Caroline Gordon: Penhally
Penhally is the family home of the Llewellyn family in Kentucky (near the Tennessee border), where Gordon is from. The book follows the fortunes of family from 1826 up to the time when Gordon wrote the book (i.e. a hundred years later). Though a story of a family it is also, in many respects, the story of the South. The story starts with Nicholas Llewellyn deciding not to divide his inheritance of the Penhally property with his half-brother, Ralph, leading to a family split (the two brothers never speak to one another again). His reason is that he wishes to maintain the grandeur of this branch of the family (the rest of the family is in Virginia).
Neither Nicholas nor his successors feel fully in control of Penhally, as it is entailed down the generations.

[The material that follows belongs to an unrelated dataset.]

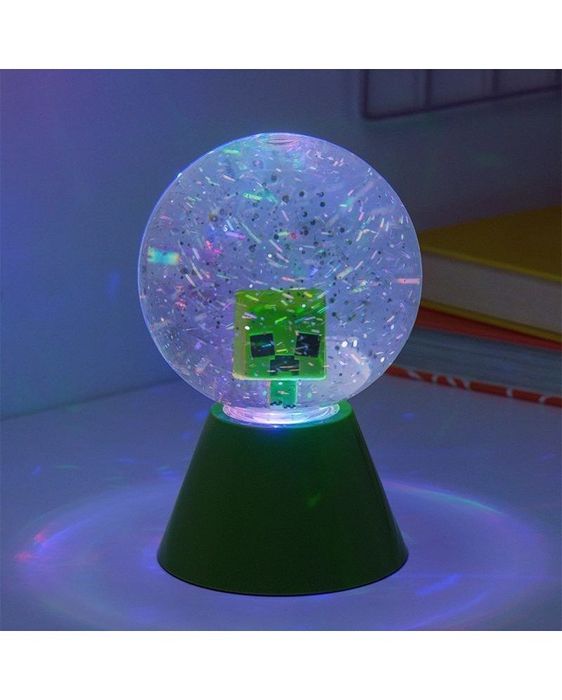 Лампа Paladone Games: Minecraft - Creeper (LED Glitter Ball)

Nor are they in control of their lives, as they are dominated firstly by the house, then love and then outside events (initially the Civil War, then events in the South after the Civil War, such as emancipation) and finally personal failure (fratricide and wanton spending). The fratricide is only the final nail in the coffin, after the house has passed out of the family.
Is Penhally the South? I am sure that Gordon did not intend it to be but, in many respects, it could seem to be, as it passes from an area where land and honour are all important to an area where only money matters, with the change being caused partially by outside events and partially by the internal actors. Her treatment of the Civil War is interesting as it is not a war that rushes in and changes lives as in, say, Gone with the Wind. Rather it creeps in, gradually overwhelming all of them, whether by the expense of helping the cause, the depredations of the Yankees or, more importantly, the death of family members. Nor does she dwell on the effects, jumping directly from the death of Ralph’s son Charles in 1863 to events in 1900.
Ford Madox Ford described Penhally as the best American novel that I know. This is undoubtedly an exaggeration but it as good a history of the South as you will get.